Ginsburg earns praise across partisan divide

The death of Supreme Court Justice Ruth Bader Ginsburg has, of course, been in the headlines in recent days.

She was an icon to Americans with certain political positions — a scourge to others. Already, the battle over a successor has become heated, with ideology at the heart of the controversy.

It says something about Ginsburg, however, that during the hours after her death, leaders from across the political spectrum poured forth praise freely and with no reservations.

Her written opinions as a justice “have inspired all Americans and generations of great legal minds,” said President Donald Trump.

Ginsburg “never failed in the fierce and unflinching defense of liberty and freedom,” said Democratic Party presidential candidate Joe Biden.

Former President George W. Bush put his finger on an imporant aspect of her legacy. Ginsburg “inspired more than one generation of women and girls,” he wrote.

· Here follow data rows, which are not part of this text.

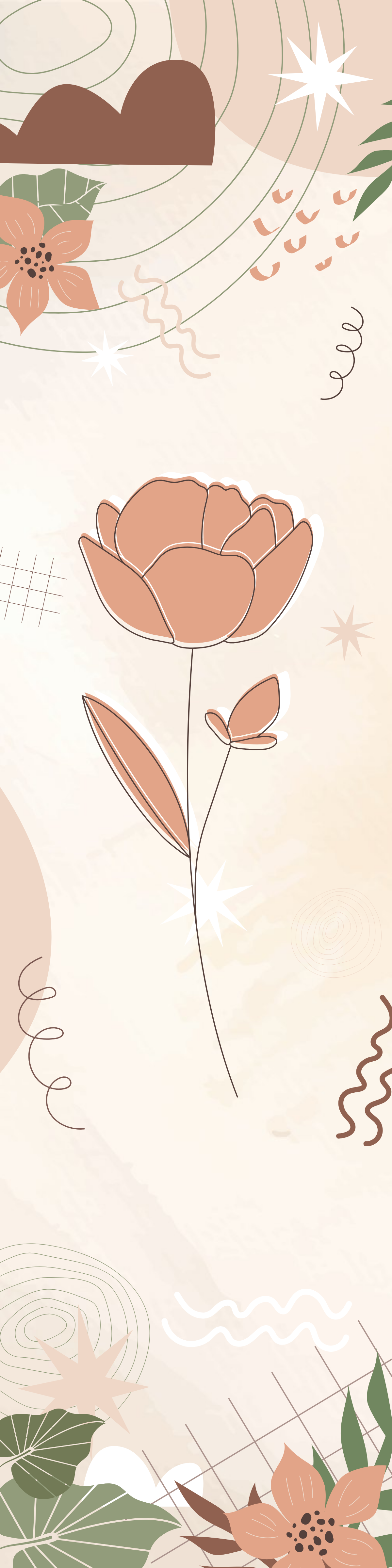 Free Aesthetic Bookmark to Edit Online Free Aesthetic Bookmark to Edit Online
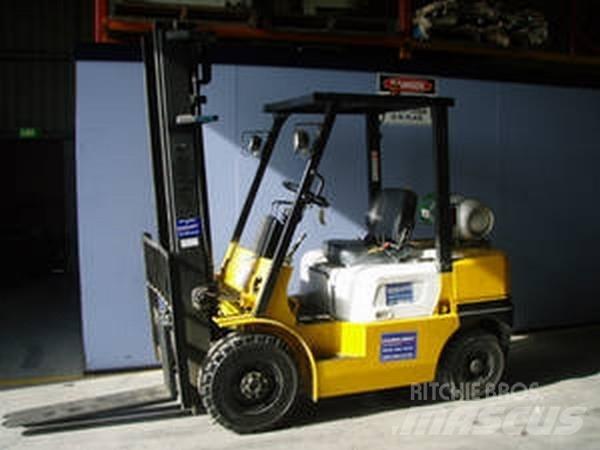 Halla HGF25 Інше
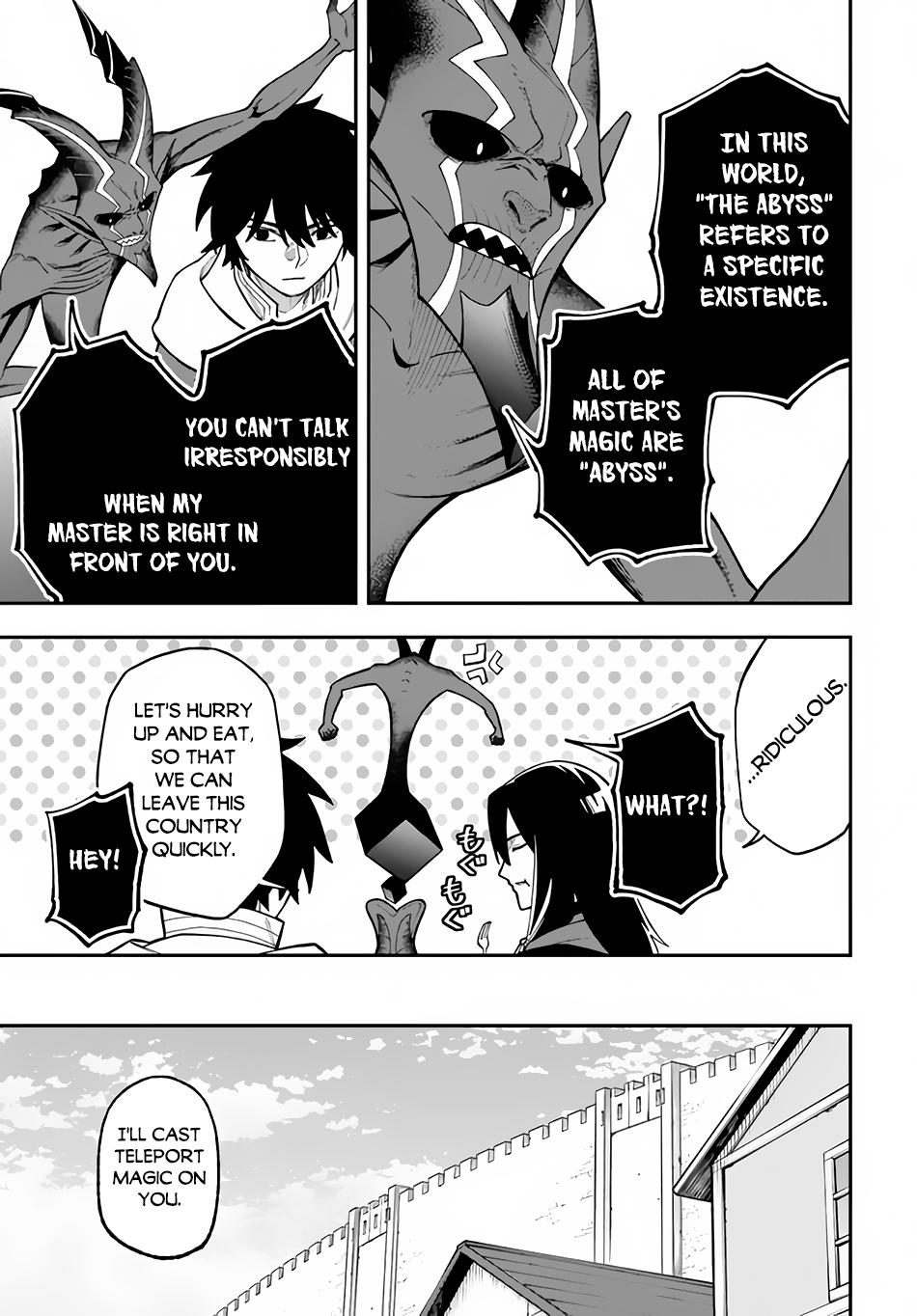 Nito no Taidana Isekai Shoukougun Chapter 31.1 page 14 - 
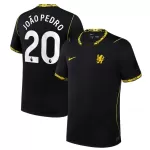 Camisola Chelsea Joao Pedro 20 Homem Equipamento 2ª 2026-27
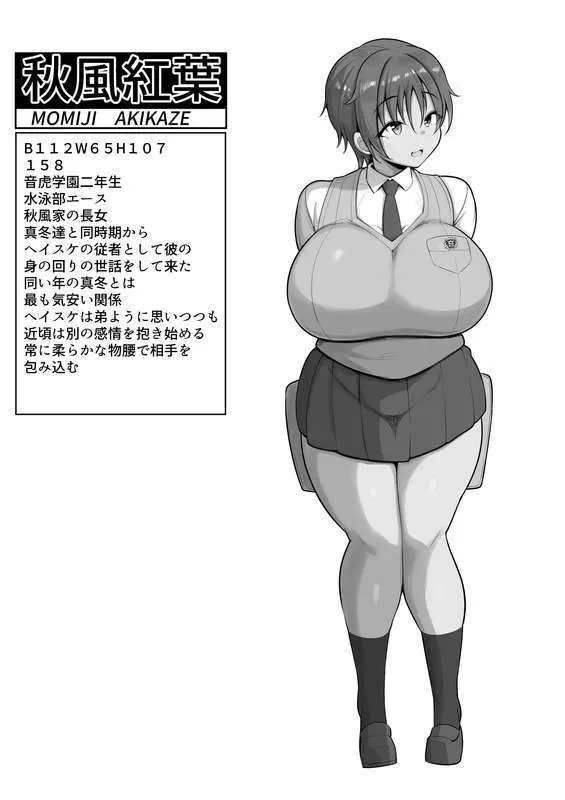 僕の従者たち Page.4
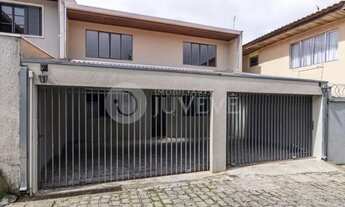 Imagem 2: IMOBILIARIA JUVEVE VENDE SOBRADO CONDOMINIO CJ.RESIDENCIAL SERRA LEOA 3 DORMITORIOS NA RUA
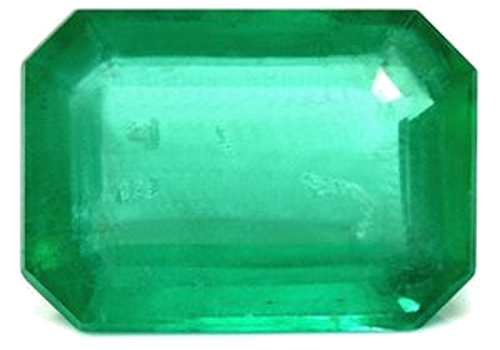 2.32 carat GREEN Emerald Smaragdas (1)
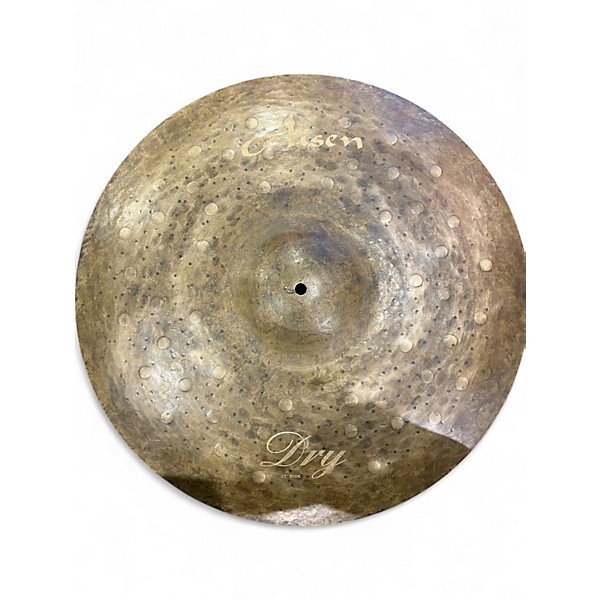 Used Aisen 21in DRY Cymbal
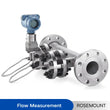 ROSEMOUNT 9195 Wedge Flow Meter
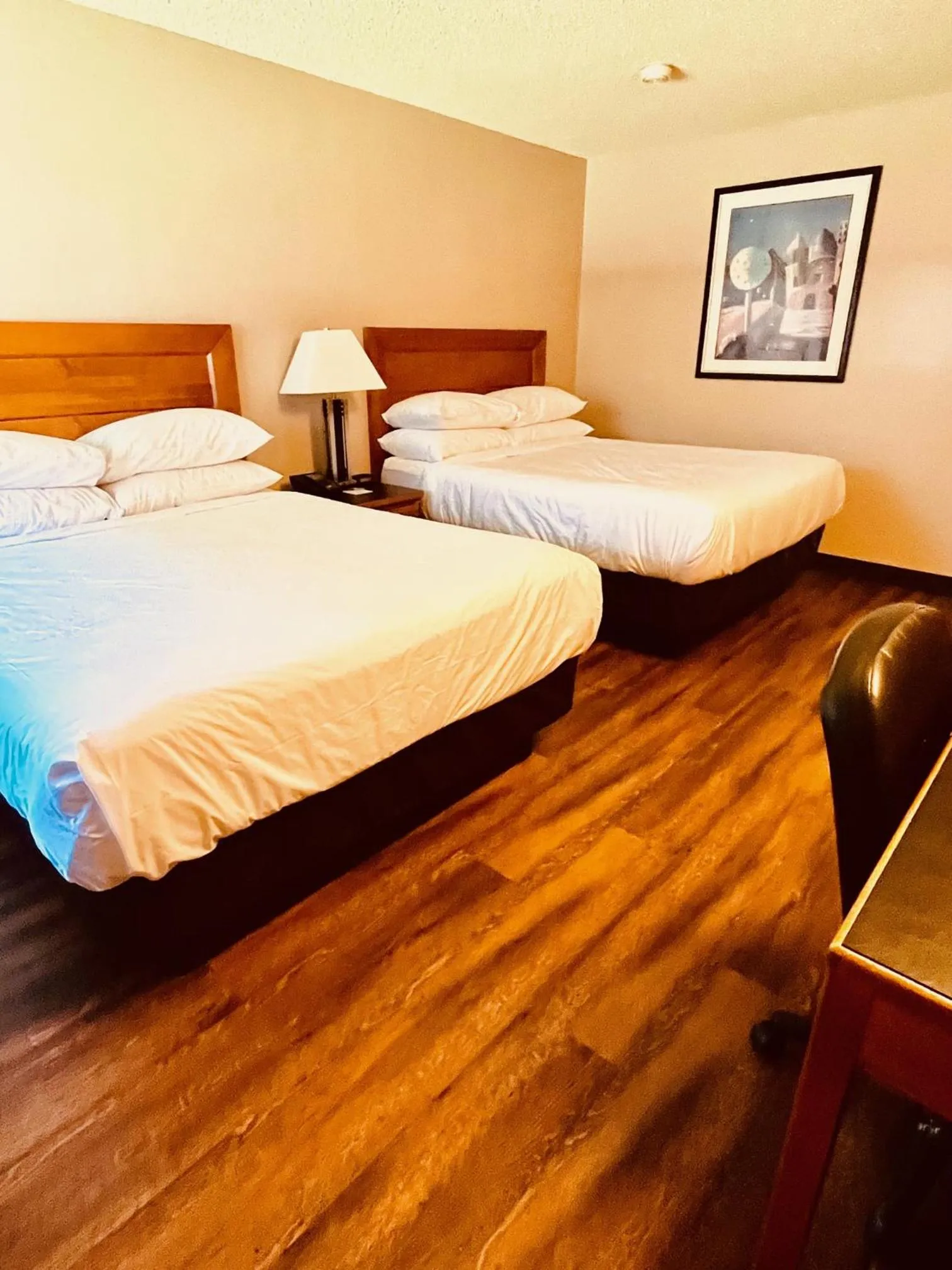 Pets, Bed in Royal Hotel Lloydminster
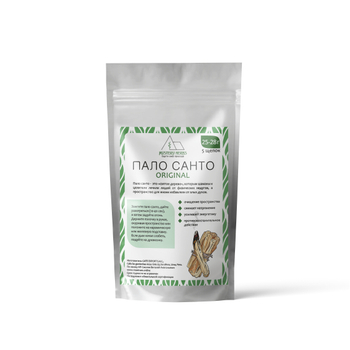 Пало Санто Mystery Herbs Palo Santo Original 25-28 г 5 щепок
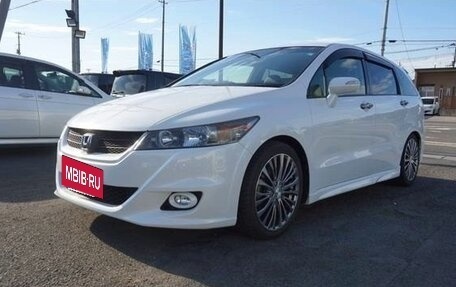 Honda Stream II, 2013 год, 1 030 000 рублей, 3 фотография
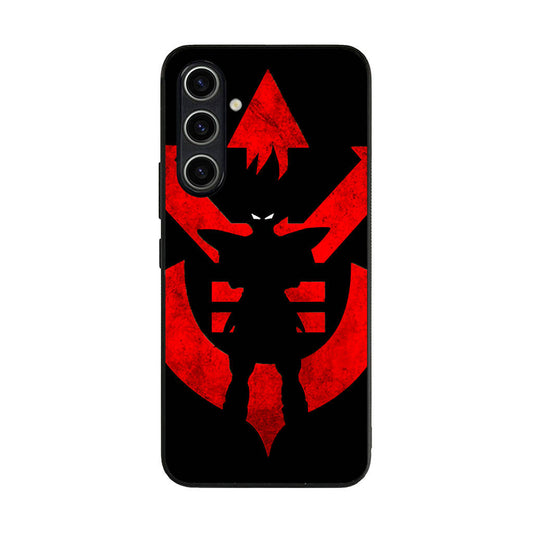 Vegeta Royal Saiyan Samsung Galaxy A35 5G Case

Indeed she did. Ginsburg showed it is possible for a female to ascend — through dedication, skill and hard work — to the very pinnacle of political power in our nation. We often think of presidents in that role, but in some of her votes and opinions as a justice, Ginsburg wielded more real power than any president.

Whether we agree or disagree with her positions, Ginsburg provided a model of standing up for what one believes to be right. And, it has been pointed out, she disagreed without rancor. Among her closest friends while one the court was the late Justice Antonin Scalia, a conservative justice. That too is a model of respect to which many Americans ought to look.

Ginsburg’s way of pursuing what she saw as right and of serving as a role model — for men as well as women — will be missed sorely.